Summary of Matthew 6:16-34
Jesus continues the theme of serving the Father with a pure heart (with a focus toward "heavenly" rewards) rather than for fame and other earthly rewards.

Detailed Thoughts about Matthew 6:16-34
Very recently, a famous pastor tweeted the following:
"A young girl in our church recently counted every time I said the name 'Jesus' in a sermon. She reported it was 67, not including the opening and closing prayers. I love my 'job.'."
For those of you who have been reading these gospel blog entries: can there be a better example of what Jesus was telling his followers NOT to do? Before, I would have been hesitant to call someone out like this, fearing it would be judgmental or disrespectful. However, reading these few chapters, Jesus challenges and sternly lectures the religious leaders of the day about their hypocricy. In fact, he uses these men as the primary contrast point in this sermon. The wonderful Stephanie Drury, responding to this particular tweet, puts it this way:
"The logic seems to be that if you say 'Jesus' a lot it means your sermon is extra-infused with Jesusness. But Jesus told the Pharisees their longwindedness and showing off their knowledge of the Torah was utter wankery and was all the reward they were going to get."
Can I get an Amen!

NOTE: Looking ahead, I see that chapter 7 begins with 'Don't condemn others and God won't condemn you.' I condemning this pastor for his tweet? I'm going to save this little gem until next time. Cliffhanger!

Back to the text. Jesus tells his followers how to fast, just as he told how them to pray: secretly. He goes so far as to advise them to give the appearance of not fasting. The reward achieved by fasting (enlightenment? more connection with the Father?) is diluted if it is done to get attention and affirmation from others.
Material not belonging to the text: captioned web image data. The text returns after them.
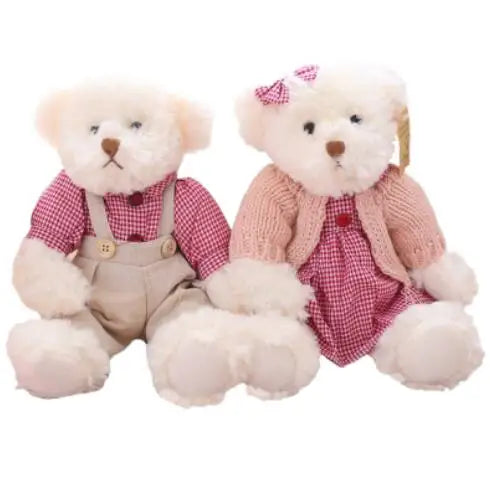 2Pcs/Pair 26Cm Lovely Couple Teddy Bear with Clothes Dolls Stuffed Animal Bear Plush Toy Kids Baby Children Girl Birthday Gift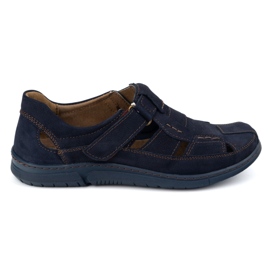 KOMODO Velcro lædersko 937 marineblå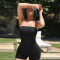 Solid color super elastic wrapped chest pineapple cloth yoga jumpsuit shorts nightclub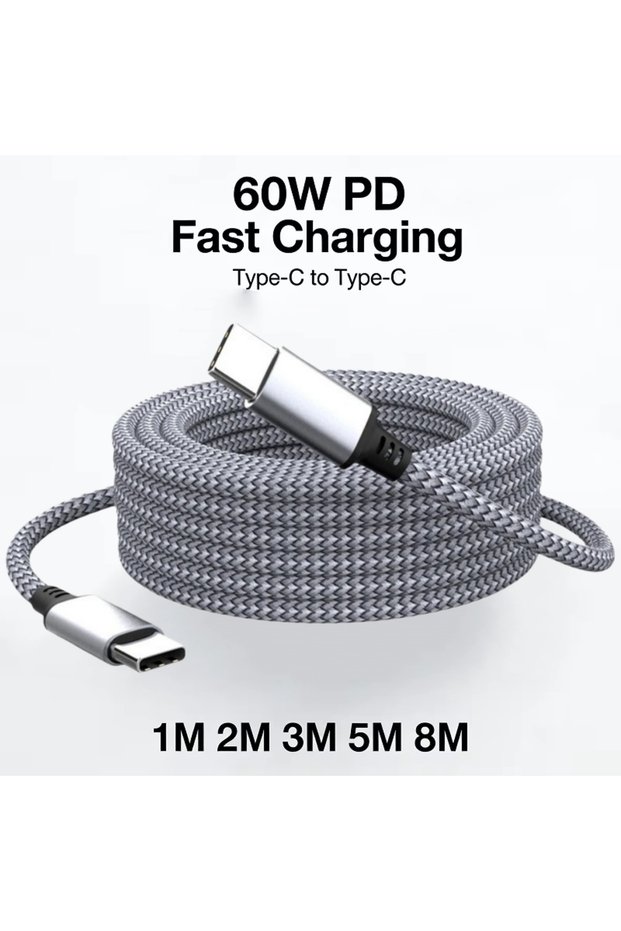2 meter USB C 60W 8m 5m 3m 2m 1m Type C Cable Fast Charging PD Cord Data Transmission C to C Chargin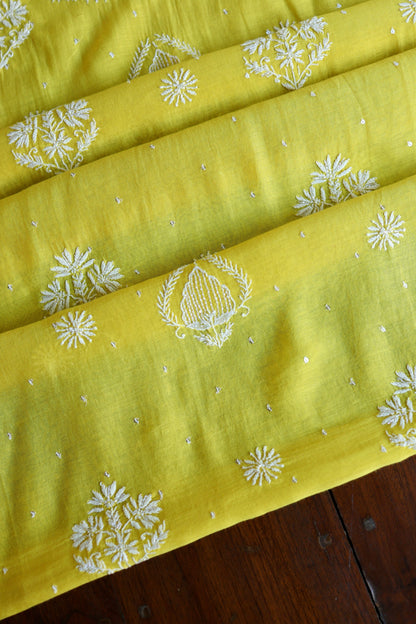 Tulip Yellow Pearl Work Chikankari Unstitched Fabric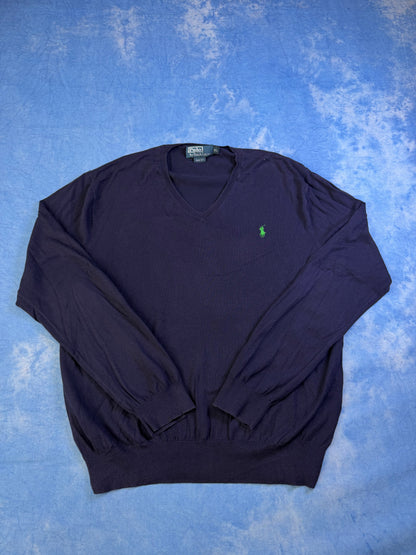 Sweterek Polo Ralph Lauren Slim Fit Pima Cotton Granatowy 90s XL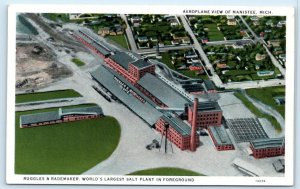 MANISTEE, Michigan MI ~Aerial View RUGGLES & RADEMAKER SALT PLANT 1930s Postcard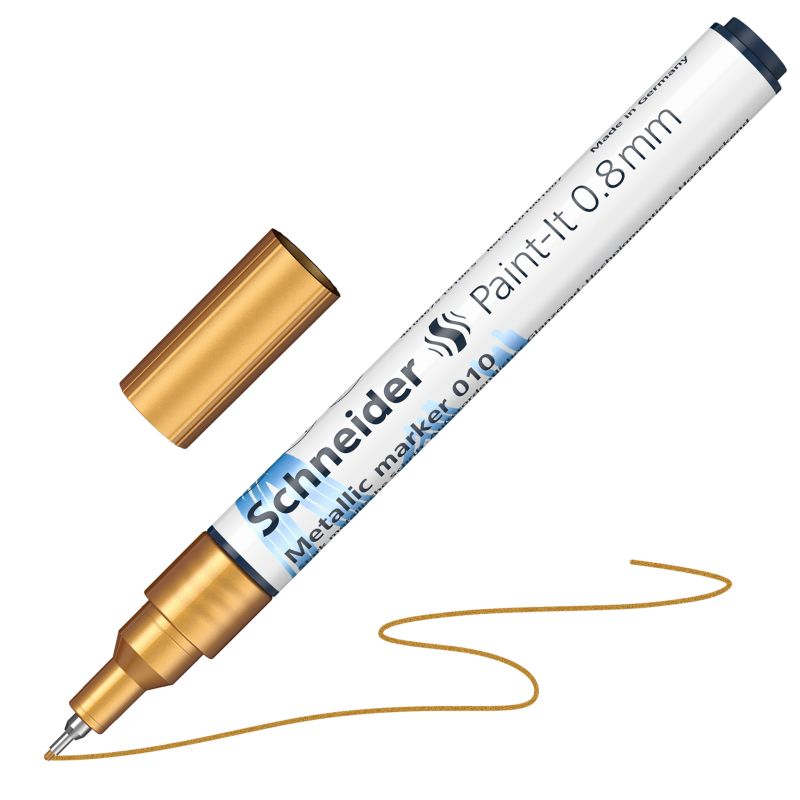 Akrylový popisovač SCHNEIDER Paint-It 0,8mm, metalický zlatý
As a sort of conclusion to the prayer and fasting bits, Jesus tells the crowd to store their treasures in heaven, not on earth.

All these themes of kingdom living continue to strike me as beautiful (even if impossible). The ethic is both others-centric and God-centric, yet these two concepts are unified so closely that you cannot help but follow one of these without following the other automatically.

The next verses, 22-24, are fascinating. Jesus tells the crowd that the eyes are a window to the soul. I can't help but think of those in our culture who are dead-eyed despite the smiles plastered on their faces. From reality-TV stars to celebrity pastors, what these dead-eyed folks have in common is that they are striving for treasures on earth. Fame. Affirmation. Attention. Power. Control. Money.

Let me take a step back and confess my own shortcomings. I long for ALL of those things. I can get especially desperate for affirmation and attention. (Just ask my partner!) But rather than using these standards of kingdom living to judge ourselves and others, perhaps it is a tool to help us measure where we need the most help. And by "help" I don't mean behavior modification. Maybe this is where the concept of "repentance" comes in? We see where we lack, we admit it freely, and we ask for help. NOT so that God will make us "better Christians" (whatever that means). But that our lives will have more meaning. So that we can actually be light and salt to the world. So that we can be people defined by our love and connection, rather than defined by our pride and our victories in spiritual competition. Our eyes can't help but shine brightly when we have meaning, love, and connection! These gifts MUST be at least a portion of the "reward" that Jesus keeps talking about throughout his sermon.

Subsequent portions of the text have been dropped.